#### Given information:
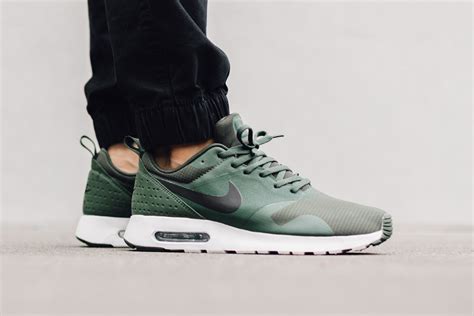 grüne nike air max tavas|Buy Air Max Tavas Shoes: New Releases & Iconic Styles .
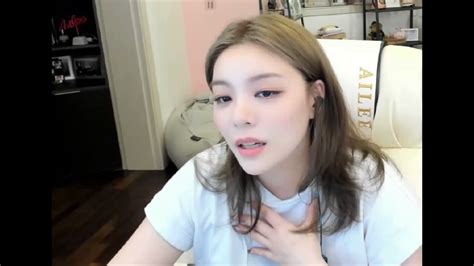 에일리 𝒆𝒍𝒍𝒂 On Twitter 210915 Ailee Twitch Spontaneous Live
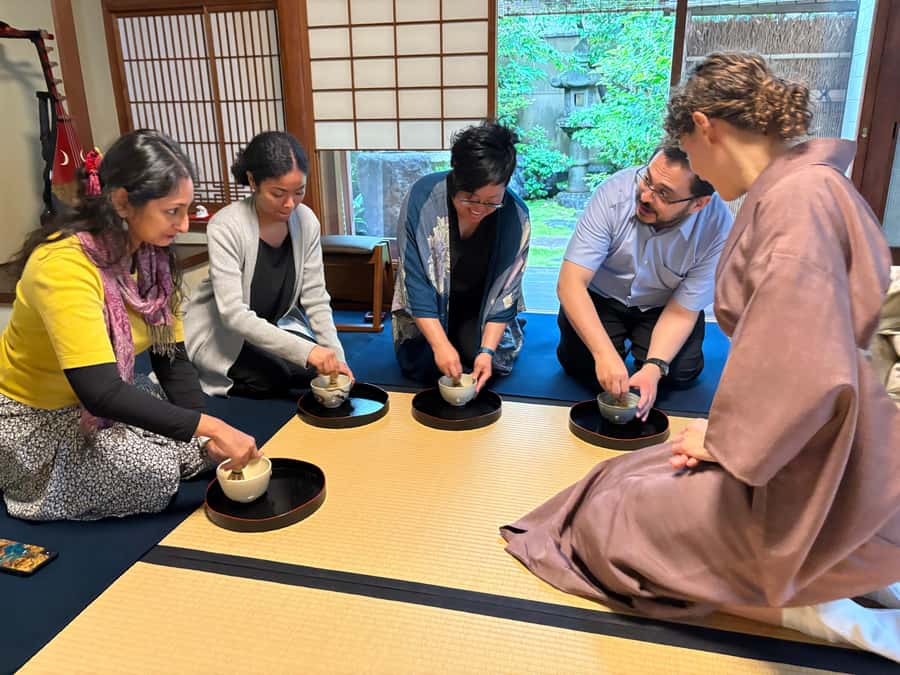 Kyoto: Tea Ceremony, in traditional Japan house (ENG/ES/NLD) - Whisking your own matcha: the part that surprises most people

#### The problem:
Every line between the one containing "에일리 𝒆𝒍𝒍𝒂 On" and the end of the listing, both included, needs to be retyped exactly, minus the pictures.

#### Result for this exercise:
 에일리 𝒆𝒍𝒍𝒂 On Twitter 210915 Ailee Twitch Spontaneous Live
 Kyoto: Tea Ceremony, in traditional Japan house (ENG/ES/NLD) - Whisking your own matcha: the part that surprises most people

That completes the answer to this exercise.